Task requirements:
Retype the entries below exactly, dropping the images.
++++ Data to examine
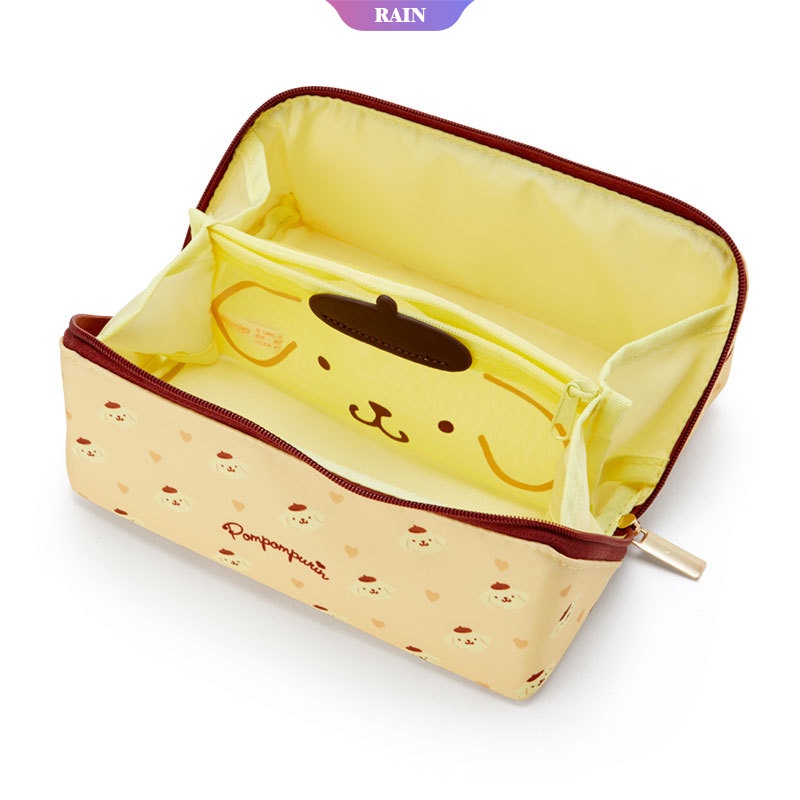 SANRIO Túi Đựng Mỹ Phẩm/ Đồ Dùng Vệ Sinh Cá Nhân Họa Tiết Hoạt Hình Độc Đáo Tiện Dụng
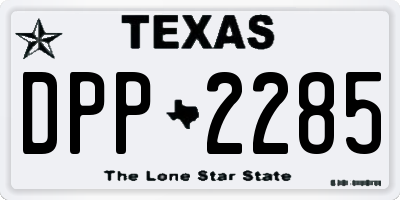 TX license plate DPP2285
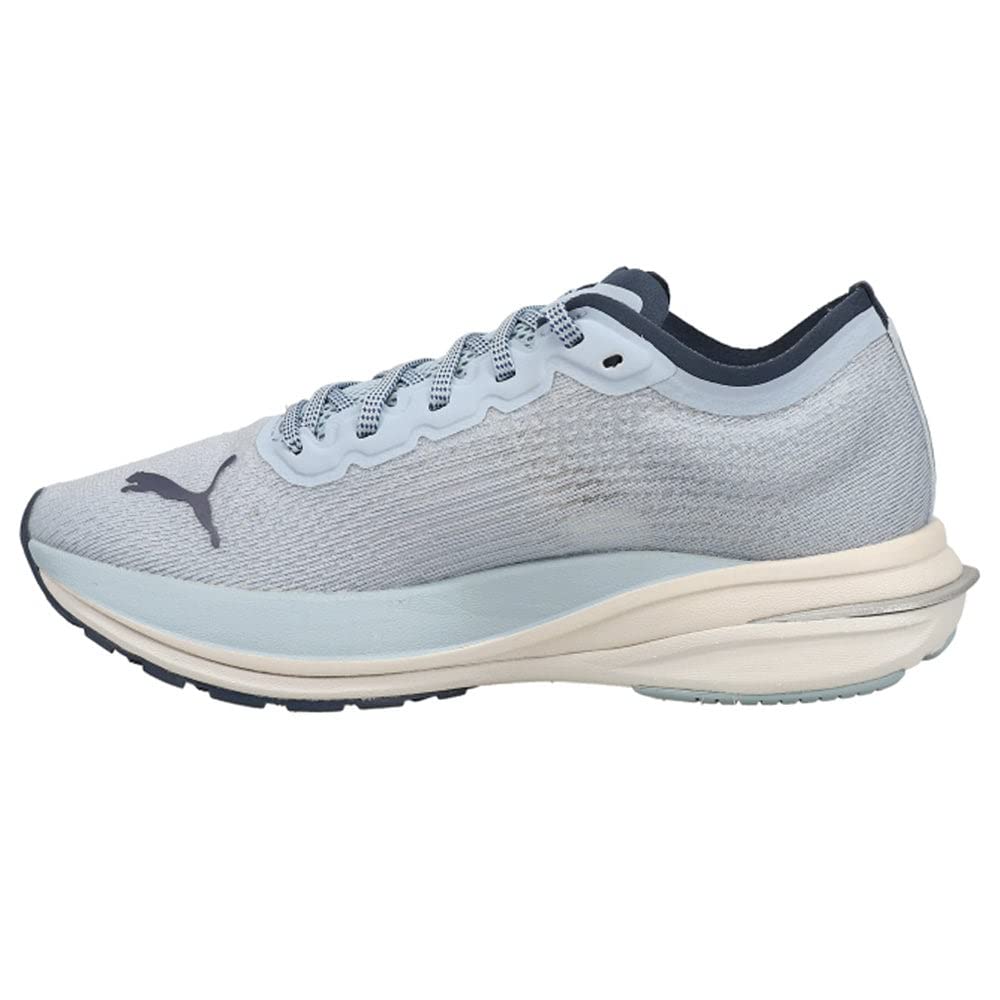 PUMA Women's Deviate Nitro Running Shoes - Lightweight Cushioned Sneakers for Jogging & Training - Blue Athletic Footwear for Road Running & Gym Workouts
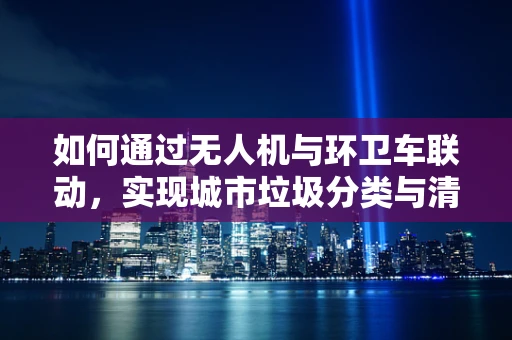如何通过无人机与环卫车联动，实现城市垃圾分类与清运的智能化升级？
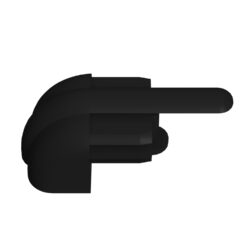 25x55 Mm Elips Pimli Izgara Pabuç Siyah-4.jpg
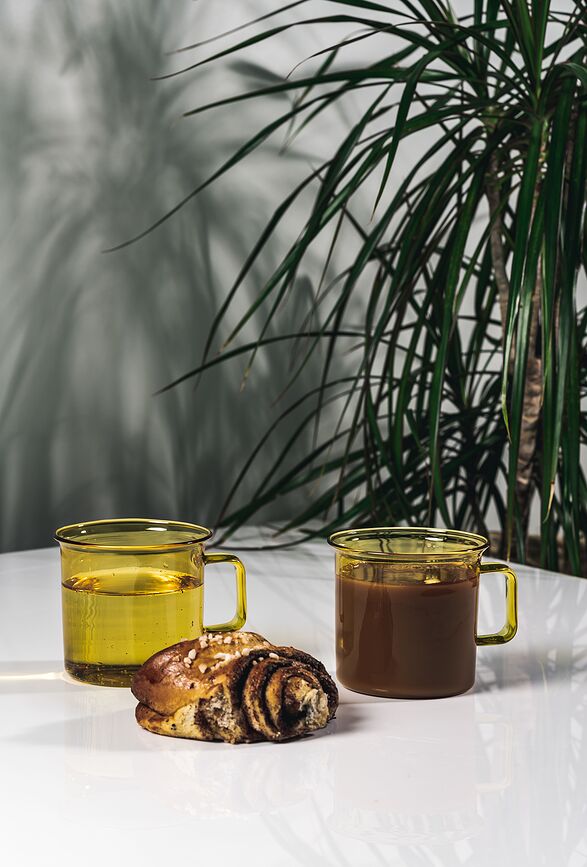 Muurla Κούπα 350 ml, γυάλινη, ροζ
++++++++
Response to the exercise:
 SANRIO Túi Đựng Mỹ Phẩm/ Đồ Dùng Vệ Sinh Cá Nhân Họa Tiết Hoạt Hình Độc Đáo Tiện Dụng
 TX license plate DPP2285
 PUMA Women's Deviate Nitro Running Shoes - Lightweight Cushioned Sneakers for Jogging & Training - Blue Athletic Footwear for Road Running & Gym Workouts
如何通过无人机与环卫车联动，实现城市垃圾分类与清运的智能化升级？
 25x55 Mm Elips Pimli Izgara Pabuç Siyah-4.jpg
 Muurla Κούπα 350 ml, γυάλινη, ροζ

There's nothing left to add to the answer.